All parents feel that their children
are special, it comes with the territory, and is in fact natural. And of course as parents it’s easy to gush forth with over the top praise about how your little darling is the smartest, the most beautiful, most talented human being to have ever lived. But recent research would suggest that this type of praise could actually be doing harm. How exactly? Well Wallace and I talked about that this week on his Radio Live show. (Click here for audio of the interview)
In reaction to the dogma of the “self esteem movement” researchers have looked at the impact of efforts to build up children’s self esteem by praising inherent abilities (intelligence, physical attractiveness, athletic ability for instance). This research has found, and it has replicated many times, that to praise in this way can often have a long term negative effect on motivation and future effort…
“The Columbia University researchers Claudia Mueller and Carol Dweck found that children who were praised for their intelligence, as compared to their effort, became overly focused on results. Following a failure, these same children persisted less, showed less enjoyment, attributed their failure to a lack of ability (which they believed they could not change), and performed poorly in future achievement efforts. Says Dweck: “Praising children for intelligence makes them fear difficulty because they begin to equate failure with stupidity.” (Click here for the whole article)

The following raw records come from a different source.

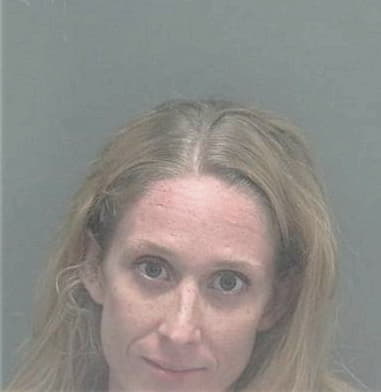 Catherine Greene, - Lee County, FL 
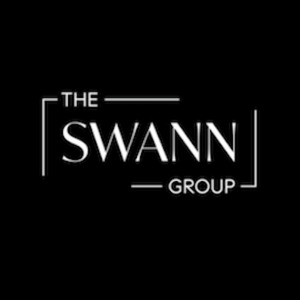 The Swann Group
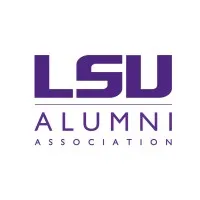 LSU Alumni Association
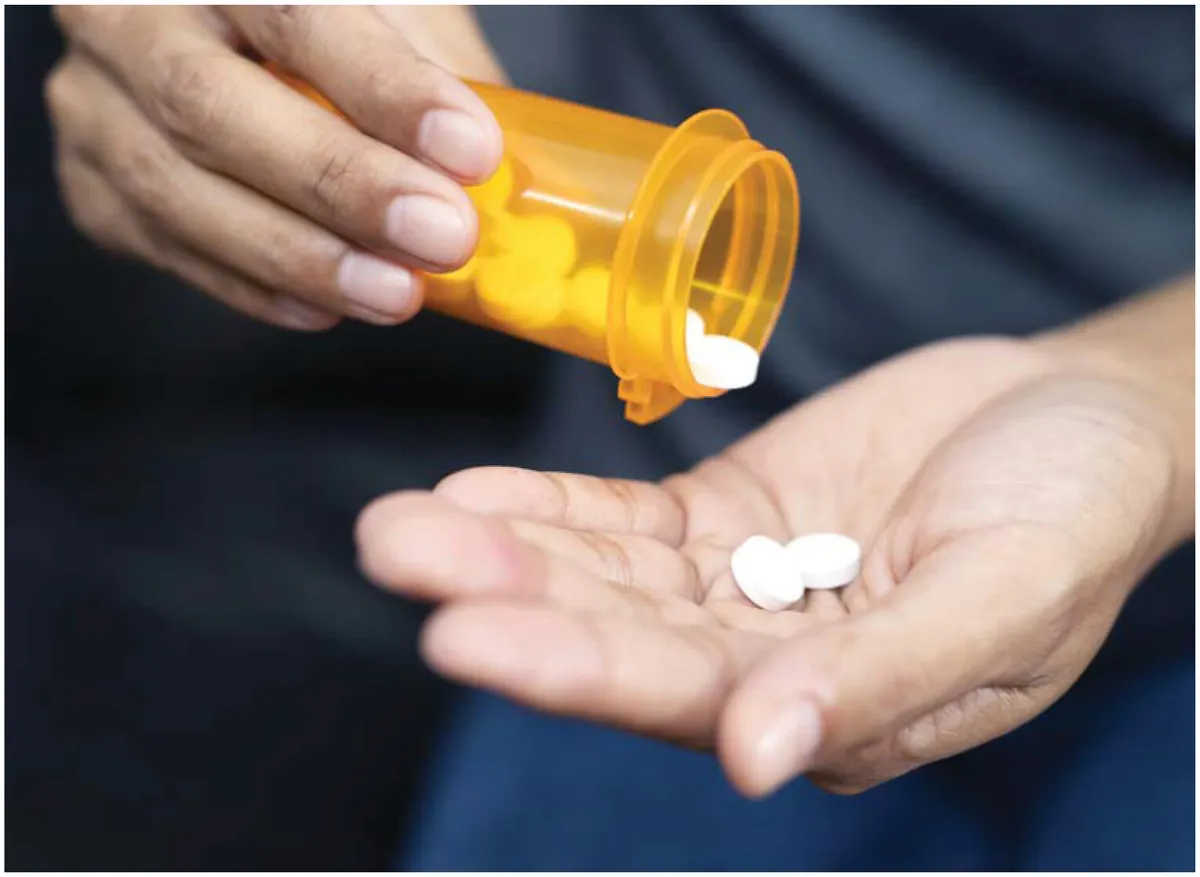 O Papel dos Antagonistas dos Receptores Mineralocorticoides na Doença Renal Crônica Não-Diabética e Doenças Glomerulares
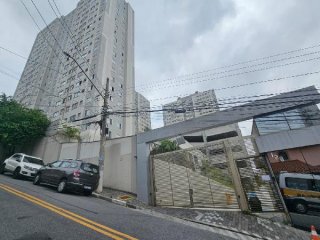 Imagem do imóvel AP47690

Recent studies have refined this even further and shown quite clearly that excessive praise of children with low self esteem actually makes them feel worse. In this study (click here for an excellent interview with the lead researcher Eddie Brummelman) it was shown that when parents used inflated praise (i.e. “You’re the best, most talented, smartest ever”) it sets up unrealistic expectations, makes the child feel worse about their abilities and ultimately not try as hard in future challenges. And this outcome is most pronounced in kids that need the boost the most, namely those with already low self esteem.
“The rationale of the children with low self-esteem seemed reasonable enough: if there’s a chance you’ll fail—or perform worse—why try? As Thorndike pointed out, after you’ve been rewarded once, you want to be rewarded again. So you shy away from any future behavior that could undermine your expected positive feedback, turning away from difficult challenges because you are more likely to be praised if you stick to something that you know you can accomplish.” (Click here for the whole article)
So what does all this research suggest parents should do instead? Well firstly it’s important to recognize that we all gain natural reinforcement from doing things well, and that when kids do well they generally know it. It isn’t always necessary to lavish praise on top of this natural sense of mastery.
It’s also true that failing is as important for development as succeeding and that tolerable failure and stress build resilience, ultimately a much more important trait than having good self esteem.
When you do praise, stay away from the superlatives. “Well done” is going to be better than “that’s the best job EVER”. And even better is to praise the effort not the talent, and be specific.
Focus on what is within the child’s control, not on some inherent ability. So for example “You must’ve worked really hard to get such a good grade” rather than “You are SO smart!”. (For more great suggestions click here)
And above all, if you are going to lavish your children, lavish them with love. It’s not possible to over do that. But it is the parents job to help children build a realistic and balanced view of themselves. That’s the lasting road to true confidence.